I could see advantages. Members would feel encouraged to come and see their pastors when needed.
But there are other equally valid possibilities. Just over a generation ago, most pastors had their study in the parsonage. I think it should be up to the pastors to make arrangements that would encourage parishioners to visit but that would also leave sufficient time for study and other personal  ministerial duties. Pastors may wish to have a study in the parsonage. That would be their choice. But when in  the church, parishioners should keep in mind that pastors don't have an office job. Many of their duties must be done in various settings. When they agree with the congregation that they will keep regular hours, those will be of necessity limited. Whatever pastors decide regarding the setting in which they can work best, they must keep one thing in mind: be accessible! The members should be able to reach them, if not directly then by leaving a message. With telephones now being sophisticated there should be no problems on this score. Congregations should remember that pastors need personal time: for reflection, sermon preparation, study, and a goodly part of pastoral work.

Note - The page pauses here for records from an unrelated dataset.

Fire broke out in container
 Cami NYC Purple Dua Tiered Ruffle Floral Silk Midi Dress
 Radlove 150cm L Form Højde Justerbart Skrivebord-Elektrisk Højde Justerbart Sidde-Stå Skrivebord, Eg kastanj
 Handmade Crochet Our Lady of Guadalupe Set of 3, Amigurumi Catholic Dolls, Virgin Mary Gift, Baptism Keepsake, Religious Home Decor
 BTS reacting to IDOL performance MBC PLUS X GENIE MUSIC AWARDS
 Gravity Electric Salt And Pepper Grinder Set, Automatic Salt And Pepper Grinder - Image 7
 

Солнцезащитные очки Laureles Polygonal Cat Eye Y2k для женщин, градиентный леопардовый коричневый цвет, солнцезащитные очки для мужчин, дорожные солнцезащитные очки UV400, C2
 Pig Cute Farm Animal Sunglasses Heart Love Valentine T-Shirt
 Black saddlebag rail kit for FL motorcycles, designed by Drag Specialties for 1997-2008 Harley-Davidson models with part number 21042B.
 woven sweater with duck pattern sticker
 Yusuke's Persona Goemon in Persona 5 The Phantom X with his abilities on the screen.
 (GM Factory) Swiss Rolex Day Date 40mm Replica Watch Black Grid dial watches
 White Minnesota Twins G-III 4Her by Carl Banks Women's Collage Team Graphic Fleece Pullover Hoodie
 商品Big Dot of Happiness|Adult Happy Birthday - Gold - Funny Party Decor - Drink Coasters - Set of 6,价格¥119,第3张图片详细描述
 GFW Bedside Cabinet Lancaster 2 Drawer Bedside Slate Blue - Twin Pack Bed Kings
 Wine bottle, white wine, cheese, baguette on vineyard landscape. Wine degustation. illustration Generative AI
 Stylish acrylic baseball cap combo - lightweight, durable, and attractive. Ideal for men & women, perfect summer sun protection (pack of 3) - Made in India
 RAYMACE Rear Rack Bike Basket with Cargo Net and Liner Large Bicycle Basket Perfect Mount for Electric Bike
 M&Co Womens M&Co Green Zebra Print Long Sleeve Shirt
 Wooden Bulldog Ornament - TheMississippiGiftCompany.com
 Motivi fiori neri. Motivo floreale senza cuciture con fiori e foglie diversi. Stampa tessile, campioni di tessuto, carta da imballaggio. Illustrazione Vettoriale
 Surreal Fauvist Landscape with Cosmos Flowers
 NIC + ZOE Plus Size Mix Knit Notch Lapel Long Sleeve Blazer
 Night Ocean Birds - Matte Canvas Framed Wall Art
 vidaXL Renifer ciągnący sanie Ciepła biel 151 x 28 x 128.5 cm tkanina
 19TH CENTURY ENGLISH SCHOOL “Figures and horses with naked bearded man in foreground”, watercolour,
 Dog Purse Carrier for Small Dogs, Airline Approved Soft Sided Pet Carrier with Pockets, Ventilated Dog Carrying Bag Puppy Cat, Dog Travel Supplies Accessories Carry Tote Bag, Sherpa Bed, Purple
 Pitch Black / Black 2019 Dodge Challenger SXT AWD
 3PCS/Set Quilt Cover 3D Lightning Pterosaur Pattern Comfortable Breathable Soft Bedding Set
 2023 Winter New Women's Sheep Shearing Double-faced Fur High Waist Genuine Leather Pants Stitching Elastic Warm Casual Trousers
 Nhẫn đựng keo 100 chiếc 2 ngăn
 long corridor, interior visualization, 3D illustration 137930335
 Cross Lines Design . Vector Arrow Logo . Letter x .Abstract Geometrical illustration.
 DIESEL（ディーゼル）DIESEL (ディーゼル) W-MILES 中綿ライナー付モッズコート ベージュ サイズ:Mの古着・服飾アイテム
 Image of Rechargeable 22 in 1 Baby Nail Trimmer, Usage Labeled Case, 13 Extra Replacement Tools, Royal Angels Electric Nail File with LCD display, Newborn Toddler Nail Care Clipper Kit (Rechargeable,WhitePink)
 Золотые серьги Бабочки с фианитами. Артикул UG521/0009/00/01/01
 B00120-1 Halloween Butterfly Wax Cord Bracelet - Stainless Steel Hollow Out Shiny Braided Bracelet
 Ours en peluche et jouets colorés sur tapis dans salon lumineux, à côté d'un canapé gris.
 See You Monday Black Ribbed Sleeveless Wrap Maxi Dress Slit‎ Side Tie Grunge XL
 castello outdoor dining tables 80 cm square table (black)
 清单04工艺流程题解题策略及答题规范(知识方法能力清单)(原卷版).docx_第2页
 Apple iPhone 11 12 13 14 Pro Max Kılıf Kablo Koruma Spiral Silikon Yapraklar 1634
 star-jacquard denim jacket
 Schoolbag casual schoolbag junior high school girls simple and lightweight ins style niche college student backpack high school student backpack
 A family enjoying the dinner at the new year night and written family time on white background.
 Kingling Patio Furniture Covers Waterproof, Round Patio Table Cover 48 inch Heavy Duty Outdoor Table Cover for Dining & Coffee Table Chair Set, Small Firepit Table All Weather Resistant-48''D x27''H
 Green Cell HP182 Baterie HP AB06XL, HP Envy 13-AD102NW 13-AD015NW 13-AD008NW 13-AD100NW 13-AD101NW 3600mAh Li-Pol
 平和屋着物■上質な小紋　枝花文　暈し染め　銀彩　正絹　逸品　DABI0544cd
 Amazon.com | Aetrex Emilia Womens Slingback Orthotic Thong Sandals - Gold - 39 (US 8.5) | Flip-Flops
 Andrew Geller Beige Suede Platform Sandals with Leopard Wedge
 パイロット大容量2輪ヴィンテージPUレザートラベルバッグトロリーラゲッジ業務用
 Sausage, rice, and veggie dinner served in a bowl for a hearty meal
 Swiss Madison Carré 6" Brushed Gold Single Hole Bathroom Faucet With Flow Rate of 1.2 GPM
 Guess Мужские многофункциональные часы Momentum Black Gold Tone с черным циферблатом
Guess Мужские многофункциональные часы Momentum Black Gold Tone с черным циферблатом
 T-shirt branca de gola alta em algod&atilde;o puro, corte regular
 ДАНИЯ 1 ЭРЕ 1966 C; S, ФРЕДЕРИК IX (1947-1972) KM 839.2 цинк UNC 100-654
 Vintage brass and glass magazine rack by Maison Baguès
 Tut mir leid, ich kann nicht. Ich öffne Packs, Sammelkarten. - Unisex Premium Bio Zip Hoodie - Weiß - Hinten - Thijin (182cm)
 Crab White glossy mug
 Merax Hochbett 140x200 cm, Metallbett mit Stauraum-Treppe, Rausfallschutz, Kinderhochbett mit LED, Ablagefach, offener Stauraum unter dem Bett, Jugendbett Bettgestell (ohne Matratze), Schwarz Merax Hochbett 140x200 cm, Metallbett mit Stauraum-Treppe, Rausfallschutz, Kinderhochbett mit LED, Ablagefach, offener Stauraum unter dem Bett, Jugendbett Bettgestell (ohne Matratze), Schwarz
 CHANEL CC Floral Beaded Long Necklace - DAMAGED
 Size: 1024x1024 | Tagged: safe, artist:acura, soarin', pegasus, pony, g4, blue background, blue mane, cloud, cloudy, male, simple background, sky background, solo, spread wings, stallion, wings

In situations where pastors are urgently needed, there will be enough ingenuity among the elders and other leaders to locate him at short notice.

Thank you for the question. It is an appropriate one for this day and age where I find it easier - and more economical - to work from my home.  I would, however, like to suggest that we offer a parallel question: How many hours shall the pastor be in the study each week? And to that question, I think the answer has been and remains: "as long as it takes to prepare the sermons and lessons required each week." 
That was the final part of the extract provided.